#### Work to complete
Go to the line holding "Intra Συλλεκτικό Ξύλινο" in the data below and repeat it exactly, then each line after it up to and including the one holding "slide 4 of 7, Girls'". Omit pictures.

------

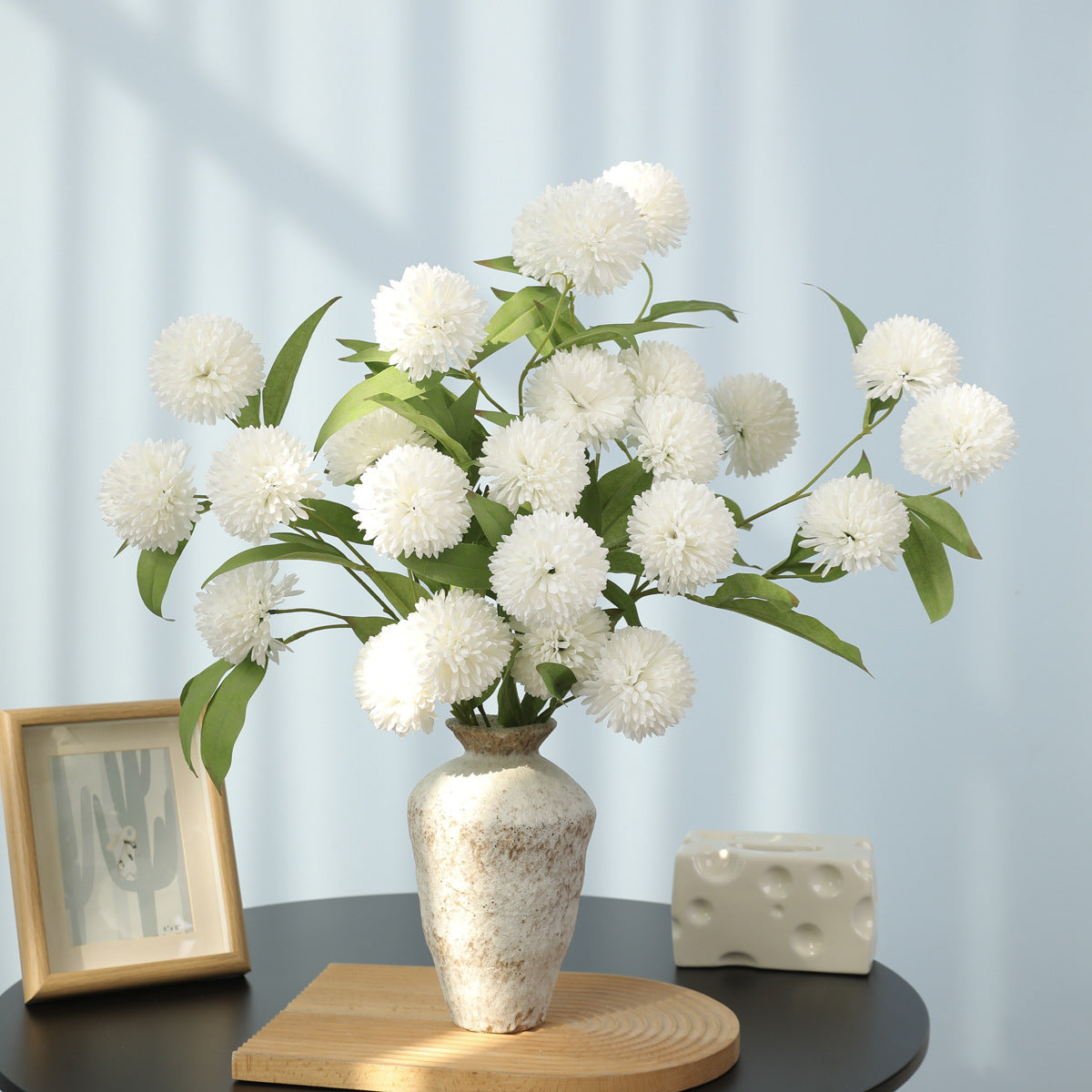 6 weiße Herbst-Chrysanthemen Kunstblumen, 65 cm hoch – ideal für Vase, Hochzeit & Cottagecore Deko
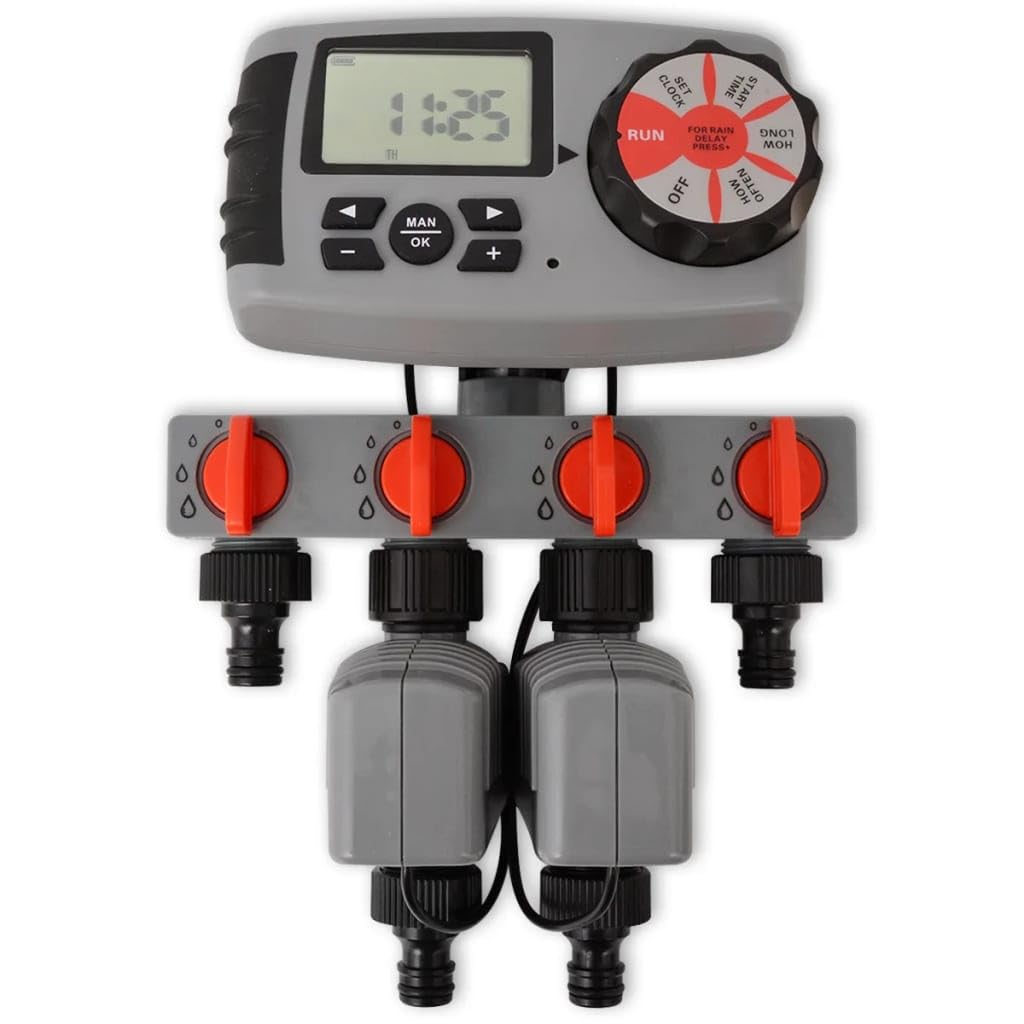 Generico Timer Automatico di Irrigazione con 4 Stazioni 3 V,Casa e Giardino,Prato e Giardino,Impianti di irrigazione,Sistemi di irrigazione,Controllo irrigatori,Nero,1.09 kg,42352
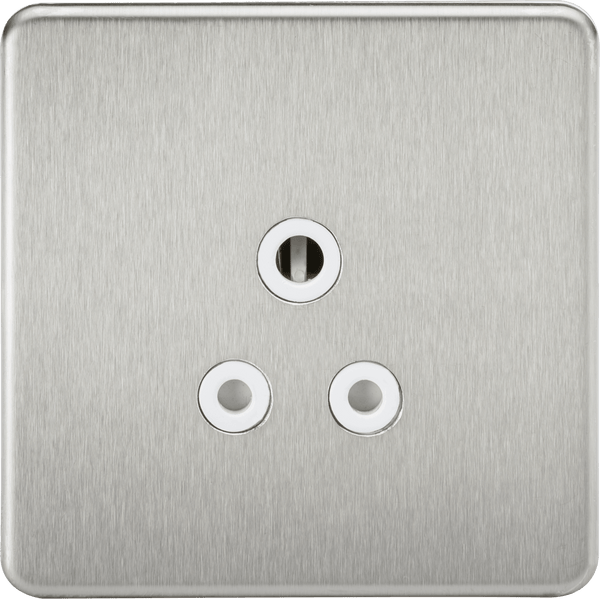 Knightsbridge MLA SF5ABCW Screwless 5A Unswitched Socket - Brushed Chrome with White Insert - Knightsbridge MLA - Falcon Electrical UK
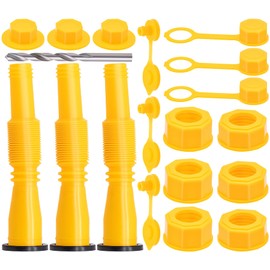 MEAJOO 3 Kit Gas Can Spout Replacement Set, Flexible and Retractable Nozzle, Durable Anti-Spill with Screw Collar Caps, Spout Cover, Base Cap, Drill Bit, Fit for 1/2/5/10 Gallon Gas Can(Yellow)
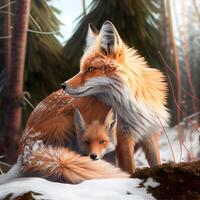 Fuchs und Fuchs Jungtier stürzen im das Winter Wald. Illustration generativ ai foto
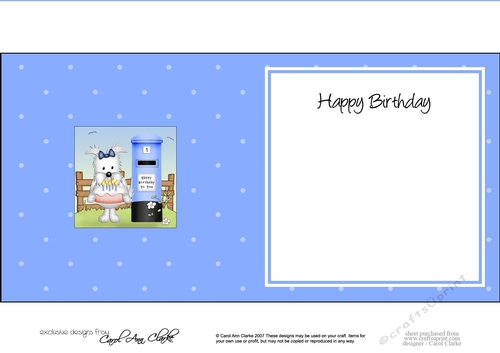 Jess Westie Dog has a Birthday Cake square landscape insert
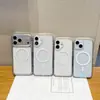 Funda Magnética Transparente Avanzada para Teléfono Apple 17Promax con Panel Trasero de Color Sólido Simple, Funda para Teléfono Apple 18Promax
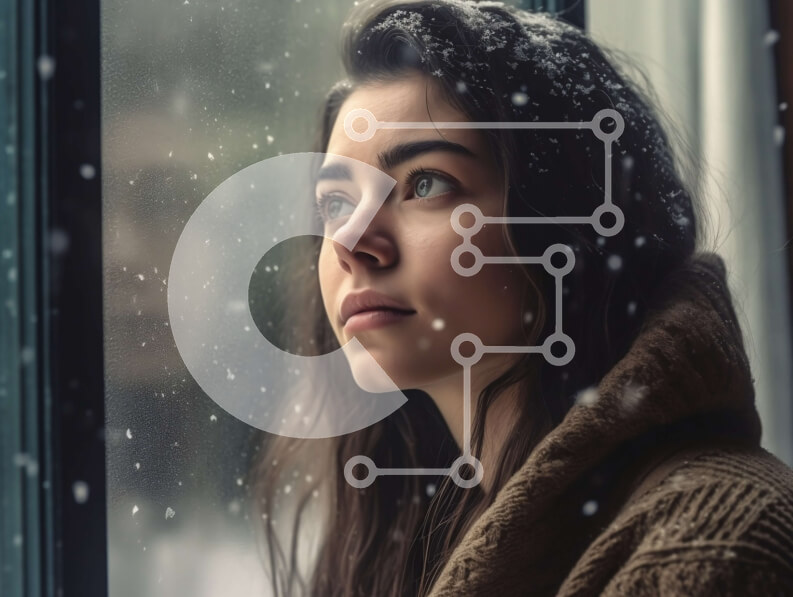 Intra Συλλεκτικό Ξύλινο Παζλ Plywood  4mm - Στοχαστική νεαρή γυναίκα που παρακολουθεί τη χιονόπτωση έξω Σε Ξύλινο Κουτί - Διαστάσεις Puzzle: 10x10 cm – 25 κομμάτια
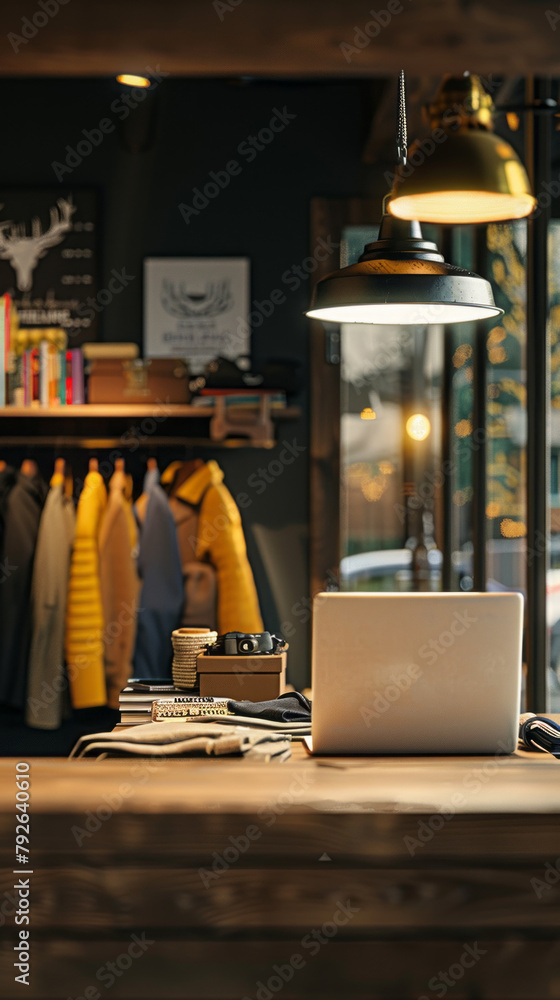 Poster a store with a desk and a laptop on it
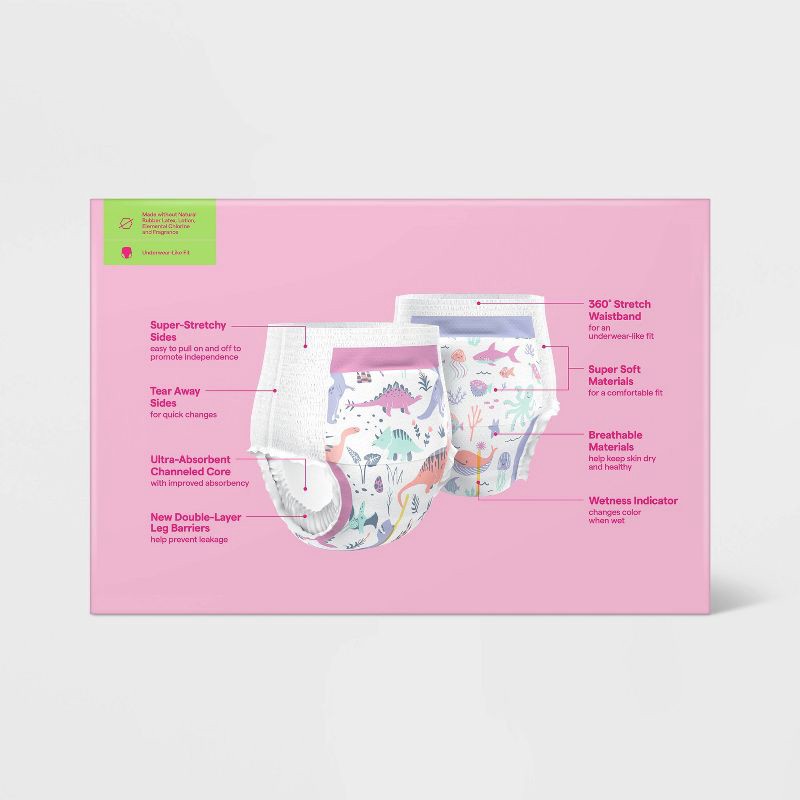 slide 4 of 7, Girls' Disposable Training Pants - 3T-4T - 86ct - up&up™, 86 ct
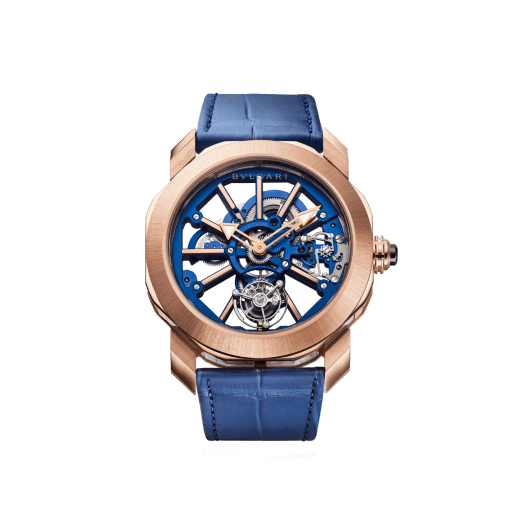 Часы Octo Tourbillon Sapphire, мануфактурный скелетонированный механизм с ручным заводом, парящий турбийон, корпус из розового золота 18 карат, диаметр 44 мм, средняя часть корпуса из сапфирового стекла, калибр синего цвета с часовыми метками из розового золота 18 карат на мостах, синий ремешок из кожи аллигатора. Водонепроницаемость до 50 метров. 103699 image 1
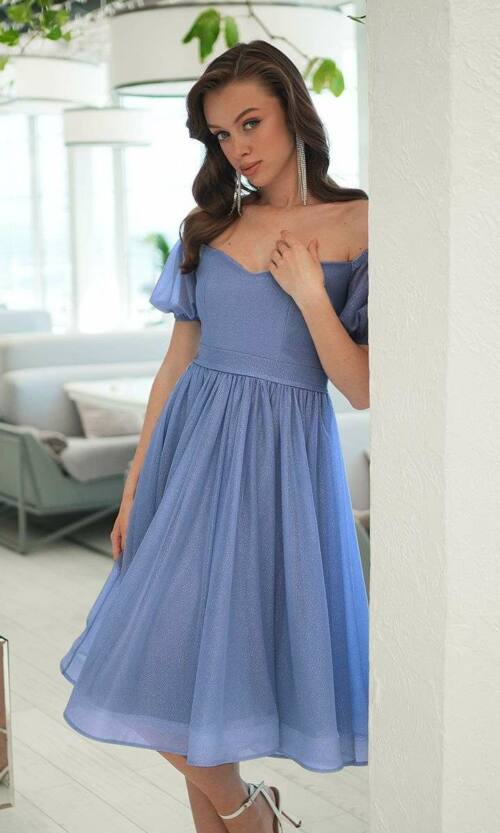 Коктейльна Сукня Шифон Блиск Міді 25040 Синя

------

#### Task result
 Intra Συλλεκτικό Ξύλινο Παζλ Plywood  4mm - Στοχαστική νεαρή γυναίκα που παρακολουθεί τη χιονόπτωση έξω Σε Ξύλινο Κουτί - Διαστάσεις Puzzle: 10x10 cm – 25 κομμάτια
 Poster a store with a desk and a laptop on it
 slide 4 of 7, Girls' Disposable Training Pants - 3T-4T - 86ct - up&up™, 86 ct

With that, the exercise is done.